The Xfuzzy 3 development environment

The supervised learning tool - Xfsl

xfsl is a tool that allows the user to apply supervised learning algorithms to tune fuzzy systems into the design flow of Xfuzzy 3. The tool can be executed in graphical mode or in command mode. The graphical mode is used when executing the tool from the main window of the environment (using the option "Supervised learning" in the Tuning menu). The command mode is used when executing the tool from the command line with the expression "xfsl file.xfl [file.cfg]", where the first file contains the system definition in XFL3 format, and the second one contains the configuration of the learning process (see configuration file below).

The figure above illustrates the main window of xfsl. This window is divided into four parts. The left upper corner is the area to configure the learning process. The state of the learning process is shown at the right upper part. The central area illustrates the evolution of the learning, and the bottom part contains several control buttons to run or stop the process, to save the results, and to exit.

In order to configure the learning process, the first step is to select a training file that contains the input/output data of the desired behavior. A test file, whose data are used to check the generalization of the learning, can be also selected. The format of these two patterns files is just an enumeration of numeric values that are assigned to the input and output variables in the same order that they appear in the definition of the system module in the XFL3 description. This is an example of a pattern file for a fuzzy system with two inputs and one output:

 0.00 0.00 0.5
 0.00 0.05 0.622459
 0.00 0.10 0.731059 
 ...  

The log file allows to save the learning evolution in an external file. The selection of this file is optional.

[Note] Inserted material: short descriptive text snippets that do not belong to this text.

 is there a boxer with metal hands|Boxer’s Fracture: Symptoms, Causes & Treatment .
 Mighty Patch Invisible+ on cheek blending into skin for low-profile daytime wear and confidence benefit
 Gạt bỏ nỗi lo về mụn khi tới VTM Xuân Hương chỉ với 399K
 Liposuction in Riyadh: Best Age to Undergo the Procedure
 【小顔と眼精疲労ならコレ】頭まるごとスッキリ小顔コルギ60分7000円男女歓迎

The following step in the configuration of the tuning process is the selection of the learning algorithm. xfsl admits many learning algorithms (see section algorithms below). Regarding gradient descent algorithms, it admits Steepest Descent, Backpropagation, Backpropagation with Momentum, Adaptive Learning Rate, Adaptive Step Size, Manhattan, QuickProp and RProp. Among conjugate gradient algorithms, the following are included: Polak-Ribiere, Fletcher-Reeves, Hestenes-Stiefel, One-step Secant and Scaled Conjugate Gradient. The second-order algorithms included are: Broyden-Fletcher-Goldarfb-Shanno, Davidon-Fletcher-Powell, Gauss-Newton and Mardquardt-Levenberg. Regarding algorithms without derivatives, the Downhill Simplex and Powell's method can be applied. Finally, the statistical algorithms included are Blind Search and Simulated Annealing (with linear, exponential, classic, fast, and adaptive annealing schemes).

Once the algorithm is selected, an error function must be chosen. The tool offers several error functions that can be used to express the deviation between the actual and the desired behavior (see section error function below). By default, the Mean Square Error is selected.

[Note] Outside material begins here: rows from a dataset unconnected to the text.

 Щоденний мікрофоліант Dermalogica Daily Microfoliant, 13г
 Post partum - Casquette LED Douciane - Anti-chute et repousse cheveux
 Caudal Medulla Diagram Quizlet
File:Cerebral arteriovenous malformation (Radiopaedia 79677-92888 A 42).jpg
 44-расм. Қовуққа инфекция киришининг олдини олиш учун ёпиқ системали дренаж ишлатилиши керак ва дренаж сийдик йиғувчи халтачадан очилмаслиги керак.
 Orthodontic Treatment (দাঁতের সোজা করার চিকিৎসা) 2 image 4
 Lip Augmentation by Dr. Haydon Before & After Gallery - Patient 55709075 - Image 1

xfsl contains two processing algorithms to simplify the designed fuzzy system. The first algorithm prunes the rules and reduces the membership functions that do not reach a significant activation or membership degree. There are three versions of the algorithm: pruning all rules that are never activated over a certain threshold, pruning the worst N rules, and pruning all rules except the best N ones. The second algorithm clusters the membership functions of the output variables. The number of clusters can be fixed to a certain quantity, or computed automatically. These two processing algorithms can be applied to the system before the tuning process (preprocessing option) or after it (postprocessing option).

An end condition has to be specified to finish the learning process. This condition is a limit imposed over the number of iterations, the maximum error goal, or the maximum absolute or relative deviation (considering both the training and the test error).

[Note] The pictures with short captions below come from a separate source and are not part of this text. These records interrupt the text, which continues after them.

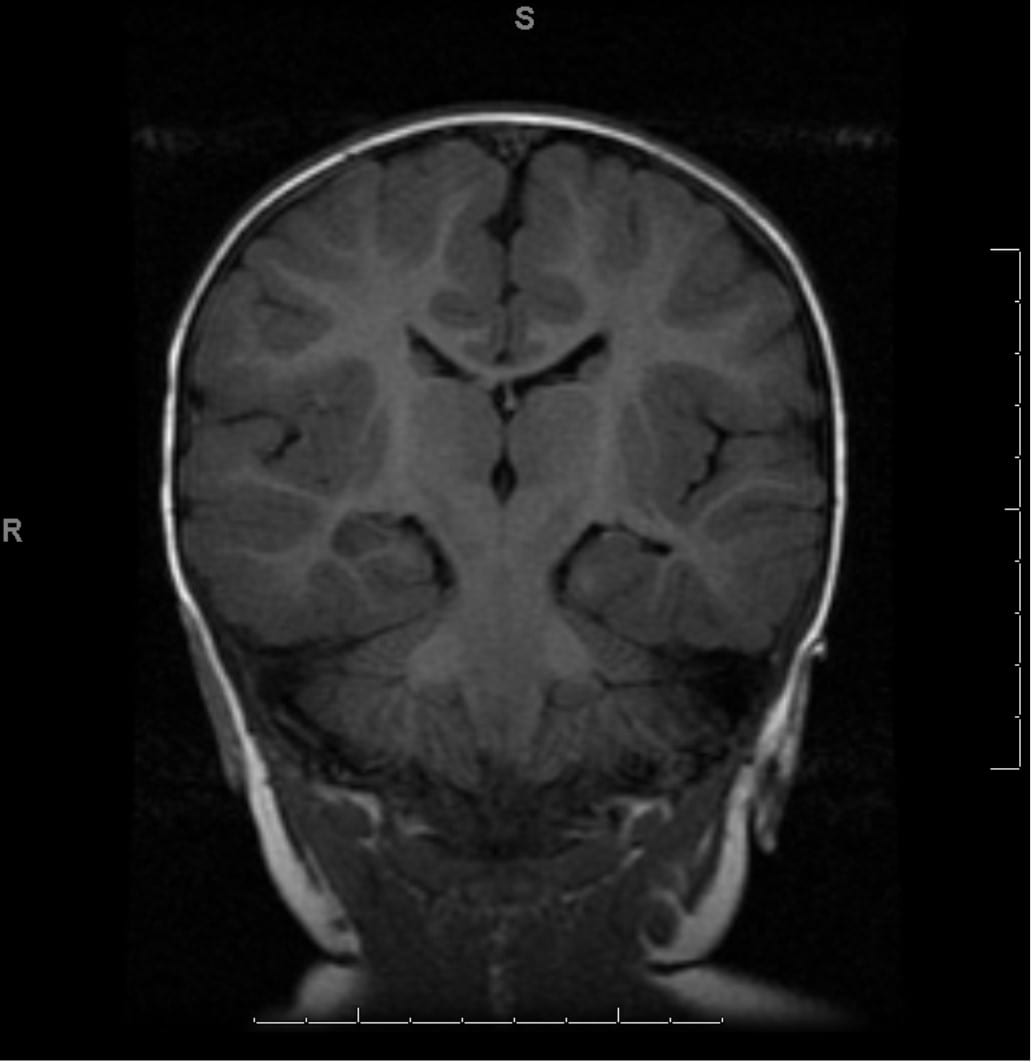 epilepsy patient with mesial temporal sclerosis on MRI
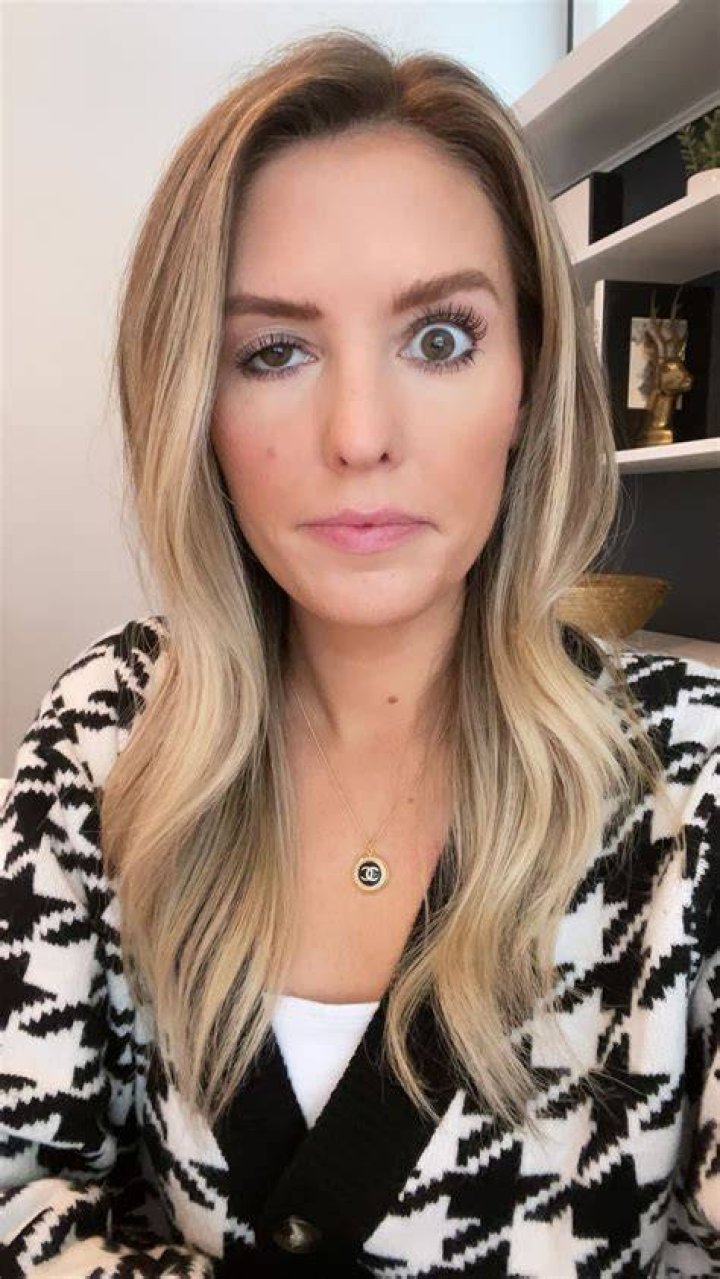 Whitney Buha raised some eyebrows with her Botox gone wrong video! Whitney Buha raised some eyebrows with her Botox gone wrong video!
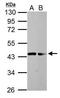 Dystroglycan 1 antibody, PA5-34908, Invitrogen Antibodies, Western Blot image 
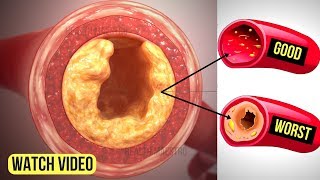 Just 3 Ingredients Will Unclog Your Arteries Without Medication and Reduce Cholesterol Fast [upl. by Golding]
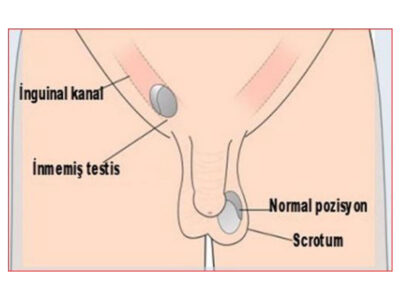 inmemis-testis inmemis-testis
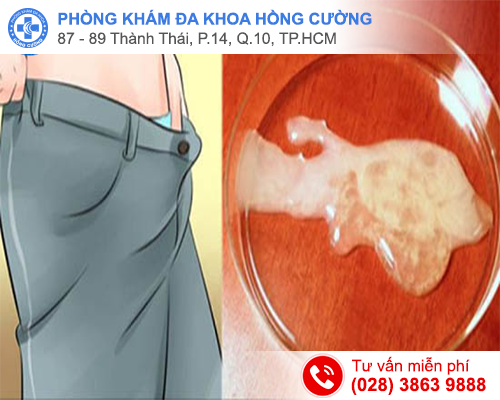 Đoán bệnh nam khoa qua màu sắc tinh dịch bất thường YDmw4JfwwgMlFWTkPXy03hdI6q2a3PhsUVfrL27TFmYRIQP87F8TQdGTH7W1vRgHnz62a9QYQa8tiMpgT-yNeta8W-Ul7L20TnWDJW1ZR-J1s6nv9stmTuy7kseP0_EZHD3LQafyTD6hVtyUl0wcQQ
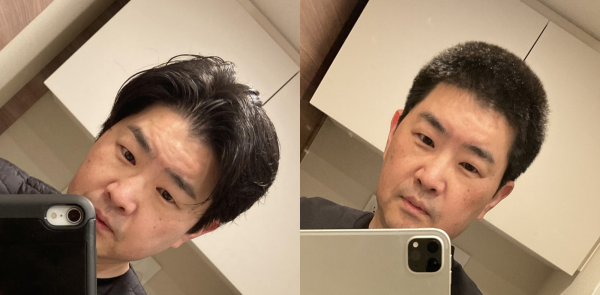 Before &#38; After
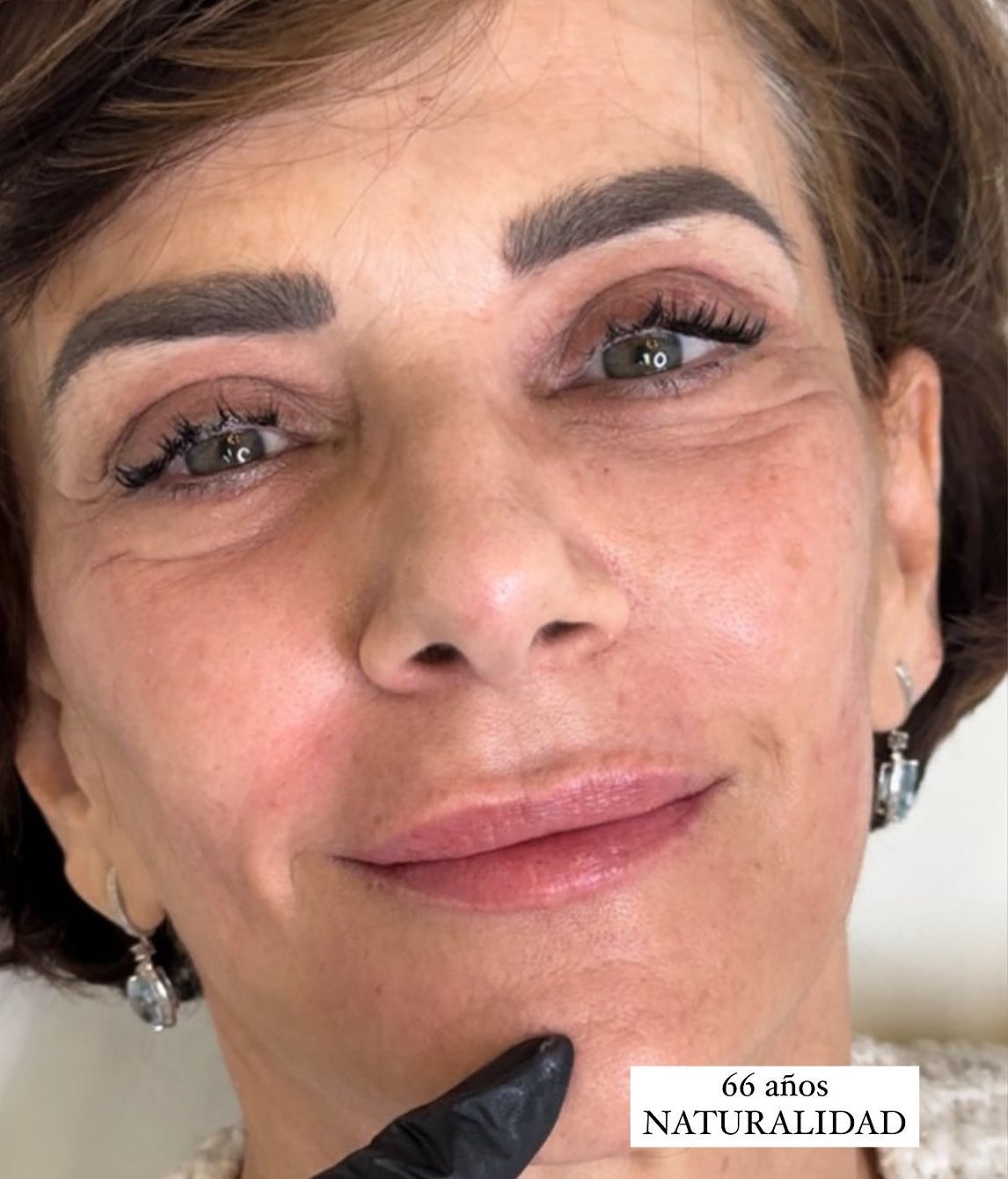 La influencer pone de ejemplo a su madre, de 66 años, como un buen ejemplo de retoque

The tool allows the user to choose the parameters to be tuned. The following window is used to enable or disable the tuning of the parameters. The three upper lists are used to select a parameter, or a set of parameters, by selecting the variable type, the membership function of that type, and the parameter index in that membership function. The lower list shows the actual settings. These settings are interpreted in the order that they appear in the list. In this example, all the parameters are first disabled, and then the parameters of the type Tout are enabled, so only the parameters of the Tout type are going to be tuned.

A complete learning configuration can be saved into an external file that will be available for subsequent processes. The format of this file is described in section configuration file.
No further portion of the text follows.